I bought 15A fuses for this today as that's what the car one is. Your 10A doesn't blow I presume. :?

Didn't get this far though due to other problems.


----------



## Auditto (Jan 11, 2008)

the relay are these ones:
http://www.maplin.co.uk/Module.aspx?ModuleNo=6436

Code: AR32K.
important: Please check that have 5 pins!!!

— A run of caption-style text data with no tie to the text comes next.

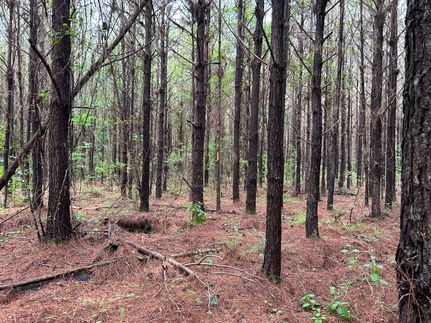 Timberland Property for sale in Butler County, Alabama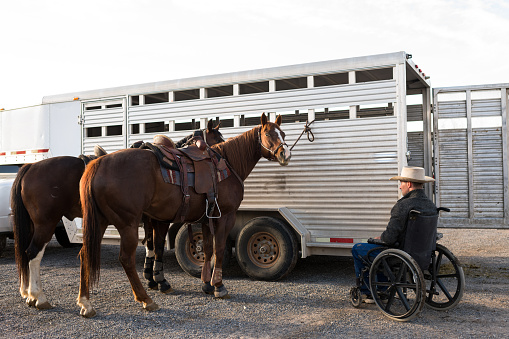 Many Amish Horses are hitched to one hitching rail.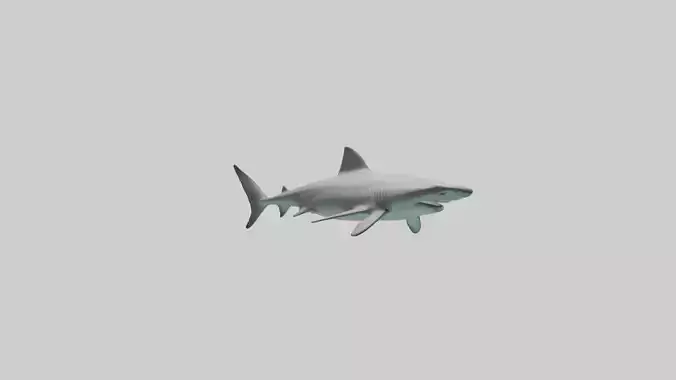 Bull Shark swimming fast model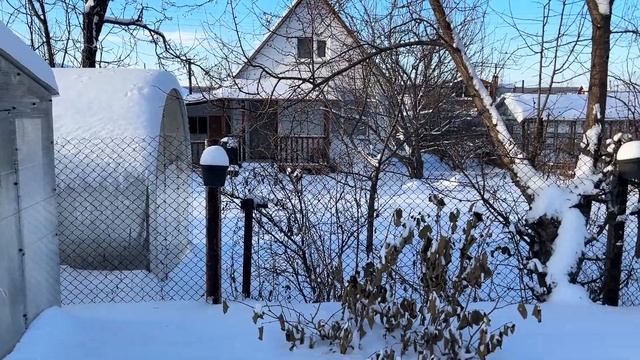 Урал завалило снегом. Поехали на дачу утеплять деревья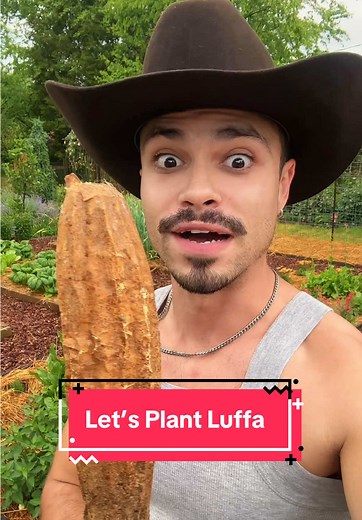 How to Plant Luffa Seeds for a Bountiful Harvest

here are some fuse holders....you can choose:
http://www.maplin.co.uk/Search.aspx?cri ... &source=15

and i know that are some switch in maplin like the one in the picture that i posted before!


----------



## Auditto (Jan 11, 2008)

You can do this with only one relay...but I not suggest you because you will give many intensity to the interior light circuit. You need take into account that is the fog light that you are switching on!!! 2 is much safe!! :wink:

With 10A is fine but I cannot see why you can not use 15A.


----------



## Auditto (Jan 11, 2008)

hi everyone!!

After the installatin of the coming home leaving home function, I bought a pair of *MTEC cosmos blue *bulbs...the result are simply amazing!!! very close to the HID xenon look!! here are:


----------



## Hark (Aug 23, 2007)

Just an update on this.

I followed this guide to wire up my DRLs this week. It took a while to di it properly, but it's not overly complicated either.

However.....

*As far as I can tell if you wire to pin 30 on relay 53 it lets fog lights come on and you do NOT need to wire to the headlight switch (pin8) as well. *

I wired mine up and have now disconnecting the wire going to pin 8 (headlight switch) completely and it still works exactly the same. I presume the power goes directly from the relay to the fogs and has already bypassed the switch.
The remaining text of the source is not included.